Andre Breton Quotes

The work of art, just like any fragment of human life considered in its deepest meaning, seems to me devoid of value if it does not offer the hardness, the rigidity, the regularity, the luster on every interior and exterior facet, of the crystal.

It is living and ceasing to live that are imaginary solutions. Existence is elsewhere.

Perhaps I am doomed to retrace my steps under the illusion that I am exploring, doomed to try and learn what I should simply recognize, learning a mere fraction of what I have forgotten.

What one hides is worth neither more nor less than what one finds.

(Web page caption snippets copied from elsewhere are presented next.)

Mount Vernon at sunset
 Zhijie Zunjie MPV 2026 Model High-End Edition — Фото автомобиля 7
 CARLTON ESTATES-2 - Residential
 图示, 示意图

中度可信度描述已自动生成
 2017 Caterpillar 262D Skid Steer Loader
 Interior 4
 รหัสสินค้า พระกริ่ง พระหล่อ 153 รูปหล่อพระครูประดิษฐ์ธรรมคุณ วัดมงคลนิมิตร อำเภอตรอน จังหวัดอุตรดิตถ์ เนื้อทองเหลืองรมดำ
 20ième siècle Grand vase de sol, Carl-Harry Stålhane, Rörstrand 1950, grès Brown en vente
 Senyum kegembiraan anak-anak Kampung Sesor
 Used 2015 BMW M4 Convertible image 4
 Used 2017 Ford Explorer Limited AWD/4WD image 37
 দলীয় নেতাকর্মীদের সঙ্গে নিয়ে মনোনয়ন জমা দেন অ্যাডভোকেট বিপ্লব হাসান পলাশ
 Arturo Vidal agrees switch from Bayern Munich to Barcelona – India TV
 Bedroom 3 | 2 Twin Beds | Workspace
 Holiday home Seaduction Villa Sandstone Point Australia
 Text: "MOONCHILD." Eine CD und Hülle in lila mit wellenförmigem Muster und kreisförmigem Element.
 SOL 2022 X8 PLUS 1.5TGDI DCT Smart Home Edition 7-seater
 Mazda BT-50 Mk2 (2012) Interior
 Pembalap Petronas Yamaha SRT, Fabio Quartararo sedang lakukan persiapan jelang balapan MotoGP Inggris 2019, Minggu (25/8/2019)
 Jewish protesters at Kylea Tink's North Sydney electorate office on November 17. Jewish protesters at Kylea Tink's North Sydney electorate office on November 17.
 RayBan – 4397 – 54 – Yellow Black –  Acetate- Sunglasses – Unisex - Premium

And what one hides from oneself is worth neither more nor less than what one allows others to find.

No one who has lived even for a fleeting moment for something other than life in its conventional sense and has experienced the exaltation that this feeling produces can then renounce his new freedom so easily.

In the world we live in ... everything militates in favor of things that have not yet happened, of things that will never happen again.

No rules exist, and examples are simply life-savers answering the appeals of rules making vain attempts to exist.

If surrealism ever comes to adopt a particular line of moral conduct, it has only to accept the discipline that Picasso has accepted and will continue to accept.

To see, to hear, means nothing. To recognize (or not to recognize) means everything. Between what I do recognize and what I do not recognize there stands myself. And what I do not recognize I shall continue not to recognize.

Dali is like a man who hesitates between talent and genius, or, as one might once have said, between vice and virtue.